Gewöhnlich war an dieser Ausgabe, die vermutlich die letzte der "Harald Schmidt Show" gewesen ist, eigentlich nur das Stand-Up. Das bot sich nach dem Urteil gegen Uli Hoeneß aber auch an und bot Schmidt noch einmal die Grundlage für wunderbaren Spott gegenüber dem Bayern-Boss, aber auch dem Bezahlsender Sky, der Schmidt in den vergangenen anderthalb Jahren noch einmal zur Überraschung vieler Beobachter der Branche eine Bleibe bot. "Ich habe einen Vorteil gegenüber Hoeneß", sagte Schmidt und löste auf: "Ich werde heute entlassen." Dann schob er nach, sowohl Hoeneß als auch er selbst hätten viel verzockt. "Er Euro, ich Zuschauer."

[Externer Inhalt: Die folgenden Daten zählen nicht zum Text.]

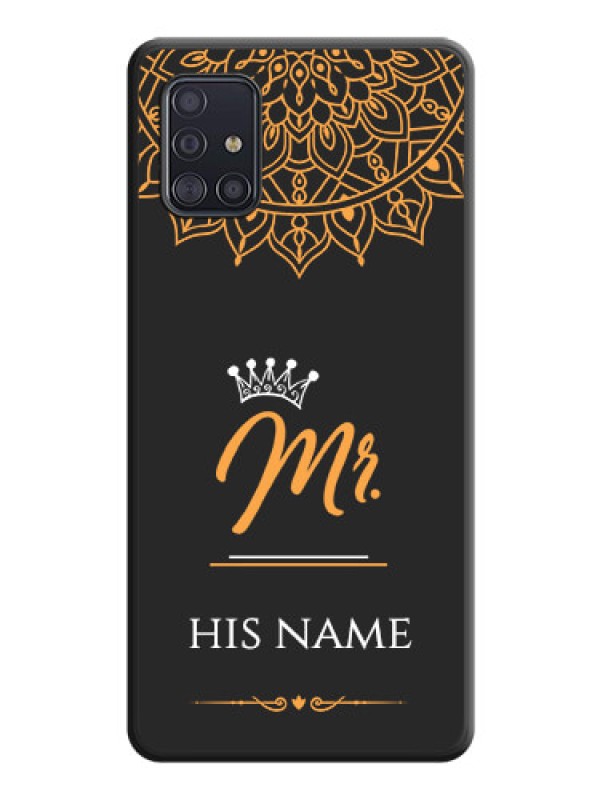 Custom Mr Name with Floral Design  on Personalised Space Black Soft Matte Cases - Galaxy A51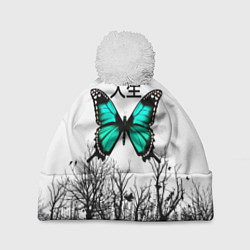 Шапка с помпоном С бабочкой на фоне японского иероглифа, цвет: 3D-белый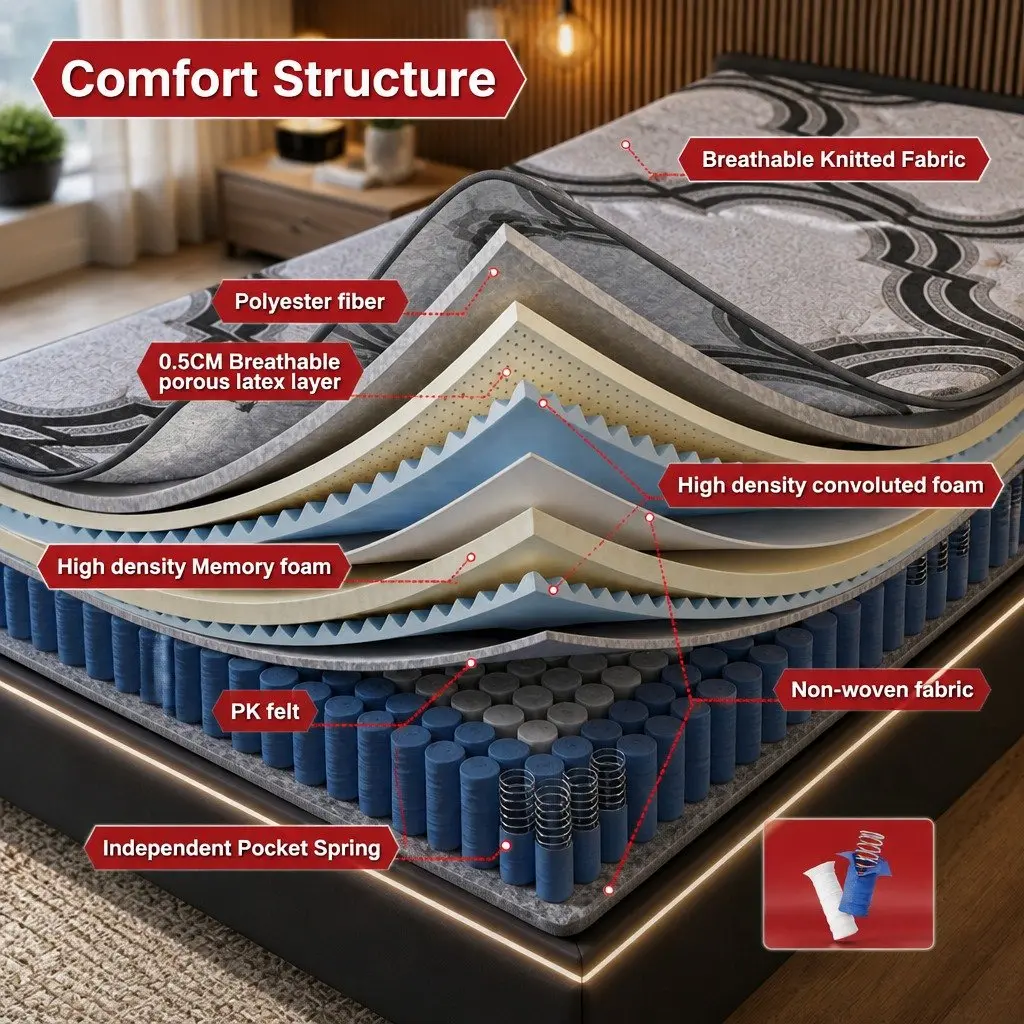 King Size Mattress 34cm Extra Firm with 5-Zone Support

Die Zeit bei Sky habe er jedoch genossen, betonte der scheidende Late-Night-Star: "Es war ein tolles Gefühl, mal unbeobachtet zu sein." Und bei den Zuschauern bedankte sich Schmidt schließlich dafür, heute eingeschaltet zu haben. "Noch schöner wär's gewesen, sie hätten's auch in den letzten drei Jahren gemacht." Tatsächlich sendete Schmidt zuletzt nur noch vor sehr kleinem Kreis, was schade ist, weil seine Sendungen längst nicht so schwach waren wie das mancher Kritiker gerne behauptete, auch wenn es Schmidt nie mehr vollends gelang, an einstige Glanzzeiten anzuknüpfen.
Doch selbst ein schwacher Schmidt spielt eben noch über jenem Niveau, das man inzwischen im deutschen Fernsehen zumeist serviert bekommt. Den Dank für fast zwei Jahrzehnte Late-Night erntete er am Donnerstag gleich mehrfach, denn nicht nur vor der Show wollte der Applaus für ihn kaum enden. Auch vor seinem letzten Monolog wurde Schmidt über Minuten hinweg beklatscht - und er machte auch keine Anstalten, den Applaus zu unterbinden. Nein, Schmidt blickte in die Kamera und ließ ihn über sich ergehen. Fast so, als wolle er der anwesenden Sky-Führung sagen: Seht her, sie mögen mich doch noch!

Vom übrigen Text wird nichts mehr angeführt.